# Possible stallion prospect and what do you guys do with your stallions



## wakiya (Feb 7, 2009)

Coronado has been trained to ride and will be trained to drive. I'm going to take him to breed demos at expos and start him in working equitation, maybe endurance or CTR, possibly garrocha and whatever he shows aptitude for. Same for my mares. All my horses will have jobs promoting the breed in any and every avenue possible.


----------



## waresbear (Jun 18, 2011)

Barbwire is a no no for studs, hot wired on the top or not. You don't want that horse in solitary confinement, he should be able to see other horses and have safe fencing for him and any other animals that could come near him. I have never owned a stallion, however I trained, rode and showed one for the owner/breeder. He competed in open shows and some breed shows, he was trailridden all the time and a full time breeding schedule in the spring.


----------



## wakiya (Feb 7, 2009)

I agree with the fencing suggestion


----------



## greentree (Feb 27, 2013)

My Paint stallion lives in a mesh wire pen, about an acre, with hot wire on the top. I ride him all the time.


----------



## KigerQueen (Jun 16, 2013)

My sister's landlord has 40 acres fenced with barbwire for her two studs (who "run" together). Well one busted down the wire fencing and killed someones gelding. Wire is a no no. He is either going to get out or kill himself. 

You can get him a donkey or mule to chill with. something non-threatening and yet something to keep him company (has to be male female is just going to cause issues).

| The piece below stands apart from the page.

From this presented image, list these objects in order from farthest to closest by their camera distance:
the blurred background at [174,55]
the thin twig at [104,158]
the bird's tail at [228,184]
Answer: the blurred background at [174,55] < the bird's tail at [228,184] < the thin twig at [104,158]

Put up boards or panels in place of the wire.


----------



## QtrBel (May 31, 2012)

Run your electric separate and offset from the 4 strand fence. Two strands - top and mid chest. My preference is tape but I have had a stallion that had no respect for tape and a wire offset was also added but we left the tape for visibility. Part of that is my husband's insistence on fencers unsuitable for tape. If there will be other horses close there needs to be a wide alley between the pastures and the other pastures need to be set up similar to keep those horses out of the alley.


----------



## Yogiwick (Sep 30, 2013)

I would recommend something heavy duty- wood. Offset with electric. Barbed wire is asking for an injury, esp with a stud.


----------



## mikedodd026 (Oct 14, 2014)

Ride the hair off him. I have owned my stallion for 4 years. Stallions best to handle when they are tired lol!! The more you use them the more respect they get for every situation


----------



## stevenson (Sep 12, 2011)

get rid of the barbed wire. put a pipe fence, he wont break it, and in my county that and a six foot tall fence for stallions is law. I would then put the electric fence in about 3 feet .
If you cannot afford pipe use 4x4 boards , 6ft tall and four rails, along with the electric fence. 
IF he jumps then you would need to box stall him. you would be shocked to see what a stud can do, when he gets wiff of a mare


----------



## churumbeque (Dec 20, 2009)

would not put any horse and especially a stallion in barbed wire.


----------



## Cherie (Dec 16, 2010)

This is an old thread. The OP has not been back since this was first written.


----------



## BugZapper89 (Jun 30, 2014)

For what you are looking to do, you need a GELDING! Your fences are not suited for a stud and chances are you dont have an extra 100K sitting around to get him properly trained and promoted to even make him worth breeding. His lines are OK, nothing extra special, just ok, hence he would need to prove himself in the pen and then on a test group of proven mares. 
I own a stallion station. Stallions require extra liability insurance and a qualified staff. Stallions are mainly stalled 24/7, however those who can be trusted to have some turnout will be put in a 30x50 6 foot board fence with heavy cable hot wire lining the boards. They are only ever turned out, when their is someone to supervise.


----------



## ButtInTheDirt (Jan 16, 2011)

Why all the exclusion and separation?

My stallion runs with his couple mares on an acre dry lot, more pasture when the weather is good. Three strands of hot wire, and he only shares fence lines with horses he likes. He will pace a hole in the ground if next to a gelding, but my twenty five year old mare and miniature donkey are his good friends. She comes in heat and he does not bother the fence. He likes to make sure his "family" travels as a unit, and rounds them all up to go out to pasture, then to come in for the day. He goes out with his foals, too. He loves to work and be ridden. Very people oriented and likes to have a job. 

Currently he is boarded away from my farm, and is stalled at night. But he is turned out during the day bordering a paddock with geldings. My stud is very respectful of fences. Just because he is a half ton of raging hormones doesn't mean he'd take a bite from a hot fence. He knows better.
_Posted via Mobile Device_


----------